=== WHAT IS NEEDED ===
Set down, exactly as written, the lines from the top of the data to the line that holds "Date: circa 1920", and omit the pictures.

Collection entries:

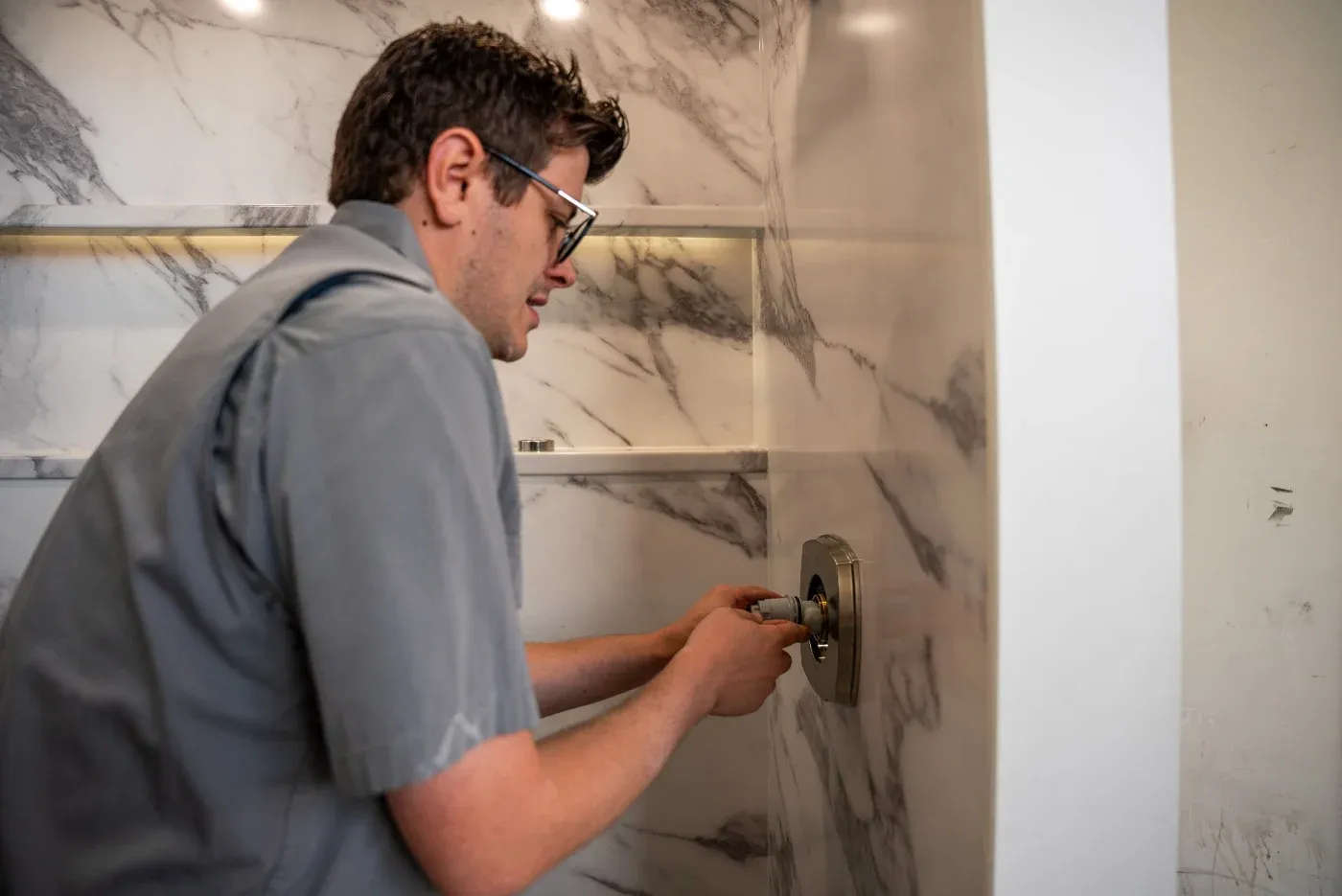 A certified factory-trained walk-in shower installer with Ozark Home Pros in Northwest AR working on hardware in a newly-installed walk-in shower.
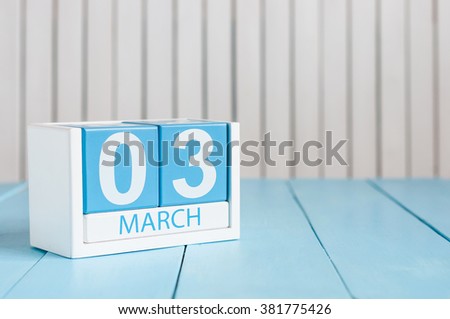 March 3rd. Image of march 3 wooden color calendar on white background.  Third spring day, empty space for text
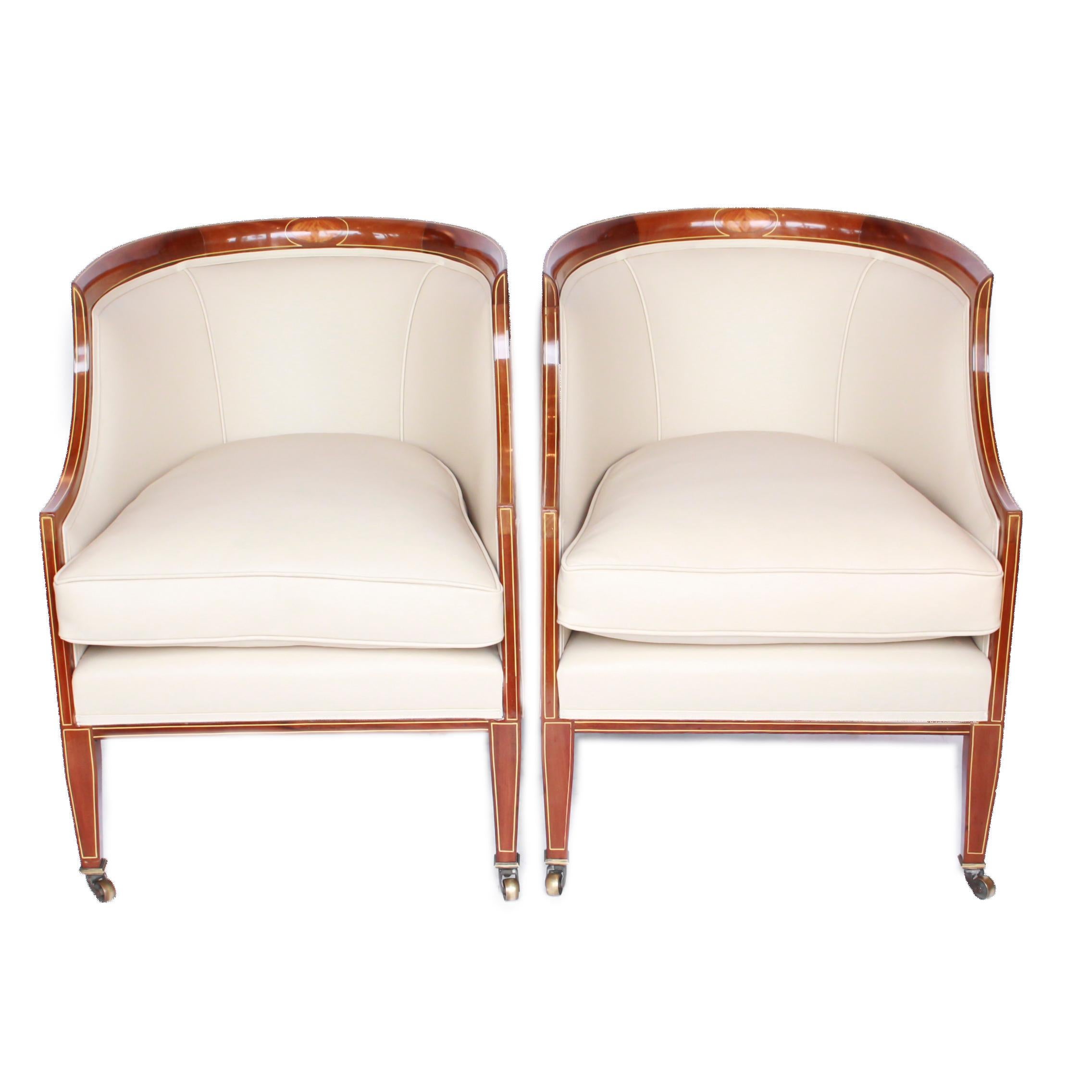 A pair of mahogany, library tub chairs. Re-upholstered in cream leather. Satin wood and boxwood inlay on original brass casters.

Dimensions: H 77cm, W 55cm, seat H 37cm, seat D 55cm

Origin: English

Date: circa 1920

Item no: 2011192.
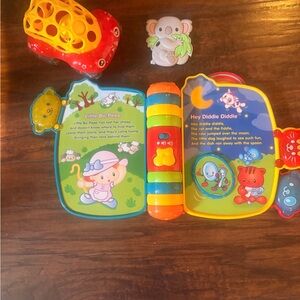Colorful Interactive Storybook, toy truck and teether included.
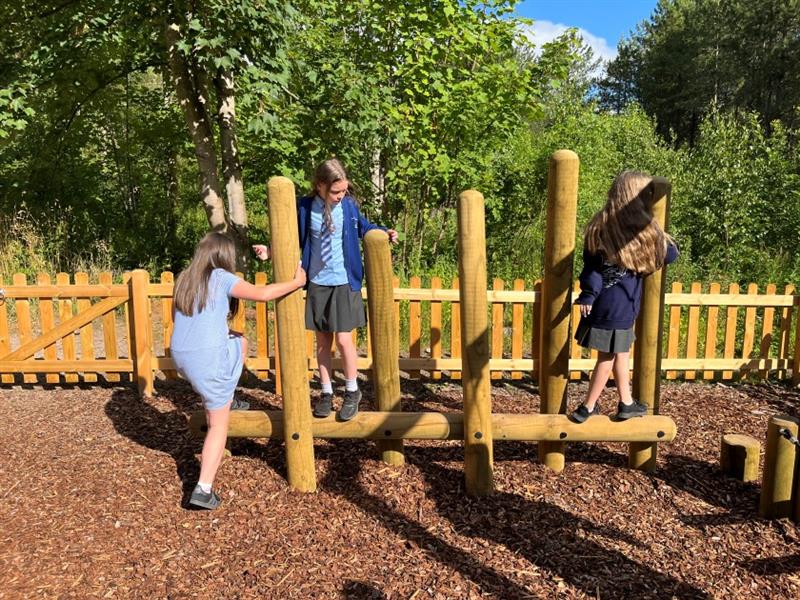 children use the beams to support themselves on the log balance weaver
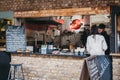 Staff at Roadkill street food stand inside Camden Market, London, UK Royalty Free Stock Photo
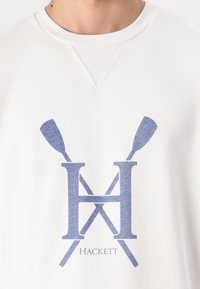 Hvit hettegenser med en blå grafikklogo med kryssede årer og merkevarenavnet "Hackett" under. Klassisk rund halslinning og mykt stoff.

=== OUTPUT FOR THIS TASK ===
 A certified factory-trained walk-in shower installer with Ozark Home Pros in Northwest AR working on hardware in a newly-installed walk-in shower.
 March 3rd. Image of march 3 wooden color calendar on white background.  Third spring day, empty space for text
 A pair of mahogany, library tub chairs. Re-upholstered in cream leather. Satin wood and boxwood inlay on original brass casters.

Dimensions: H 77cm, W 55cm, seat H 37cm, seat D 55cm

Origin: English

Date: circa 1920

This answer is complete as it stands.